From the late 1970s and early 80s, he accompanied several prominent Irish instrumentalists including Frankie Gavin, Mary Bergin and Noel Hill. Many of the recordings he appeared on in this era have been highly acclaimed, and are thought of as influential within the Irish tradition.

He performed with De Dannan up to its dissolution in 2003. After the dissolution of the group, Finn copyrighted the name De Danann (note the slightly different spelling). A dispute arose in July 2009 with his former colleague Frankie Gavin for using the name De Dannan for the Frankie Gavin Quartet, a group which had been in existence parallel to De Dannan since 1991. This resulted in an exchange of legal letters and a public feud (including a confrontational radio interview), and a souring of relations between the two musicians.

Finn reformed a second, parallel version of De Danann with banjoist/keyboardist Brian McGrath, accordionist Derek Hickey, fiddler Mick Conneely, singer Eleanor Shanley, and fellow original De Danann member Johnny "Ringo" McDonagh on bodhrán. They recorded "Wonderwaltz" in 2010.

Frankie Gavin and Alec Finn eventually reconciled in 2016, resuming joint stage appearances and recording two further albums together.

==Personal life==
Alec Finn was the older brother of the author Gervase Phinn. He changed the spelling of his surname from Phinn to Finn upon moving to Ireland, from his childhood home in Rotherham, West Riding.

After living in various places in Ireland, including Dublin (where he shared a flat with Phil Lynott) and County Galway, he eventually moved to Oranmore Castle with his wife and two children. His son, Cian, also became a musician.

Throughout his life he was keenly interested in birds of prey, which resulted in him often taking a hawk into pubs with him in his youth. He was also a talented artist, contributing artwork to many of the albums he was featured on.

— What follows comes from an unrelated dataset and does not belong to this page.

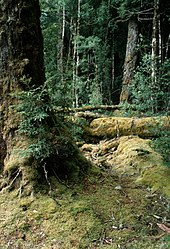 Cool temperate rainforest in Tasmania, Australia CSIRO ScienceImage 541 Cool Temperate Rainforest Tasmania.jpg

He was the subject of a 2018 TG4 documentary about his life, in which he revealed that he had cancer. He died shortly after the programme was aired, in November 2018.

==Discography==
- Frankie Gavin & Alec Finn (1977)
- Feadóga Stáin, with Mary Bergin (1979)
- Noel Hill & Tony Linnane, with Noel Hill and Tony Linnane (1979)
- Feadóga Stáin 2, with Mary Bergin (1993)
- Blue Shamrock, solo (1994)
- The Wind Among the Reeds, with Tommy Keane & Jacqueline McCarthy (1995)
- Frankie Goes to Town (1999)
- Springwell, with Kevin Macleod (1999)
- Polbain to Oranmore, with Kevin Macleod (2003)
- Innisfree, solo (2003)
- Waiting for a Call, with Tommy Peoples (2003)
- At Complete Ease, with John Carty & Brian Rooney (2011)
- The Corner House Set, with Frankie Gavin, Aidan Coffey and Colm Murphy (2016)
- Alec & Cian Finn, with Cian Finn (2018)
- Traditional Irish Music on Fiddle and Bouzouki, Volume II (2018)
With De Danann
- De Danann (1975)
- The 3rd Irish Folk Festival In Concert (1976)
- Selected Jigs, Reels and Songs (1977)
- The Mist Covered Mountain (1980)
- Star-Spangled Molly (1981) (see The De Dannan Collection)
- Best of De Dannan (1981)
- Song For Ireland (1983)
- The Irish RM (1984)
- Anthem (1985)
- Ballroom (1987)
- A Jacket of Batteries (1988)
- Half Set in Harlem (1991)
- Hibernian Rhapsody (1995)
- De Dannan Collection (1997)
- How the West Was Won (1999)
- Welcome to the Hotel Connemara (2000)
- Wonderwaltz (2010)

==Articles & References==
- Interview (1991) + discography, by Paul Magnussen
- Kevin Macleod's obituary for Alec, containing lots of detail about his life.
- Long, Harry. (2005). The Waltons Guide to Irish Music: A Comprehensive A-Z Guide to Irish and Celtic Music in All Its Forms, Waltons Publishing, Dublin, Ireland, p. 136-7, ISBN 1-85720-177-9.
- Phinn, Gervase. (2010) Road to the Dales. The Story of a Yorkshire Lad. Michael Joseph Ltd., ISBN 978-0718149116
- Wallis, Geoff & Sue Wilson. (2001). The Rough Guide to Irish Music, Rough Guides, London, England, p. 377-9, ISBN 1-85828-642-5.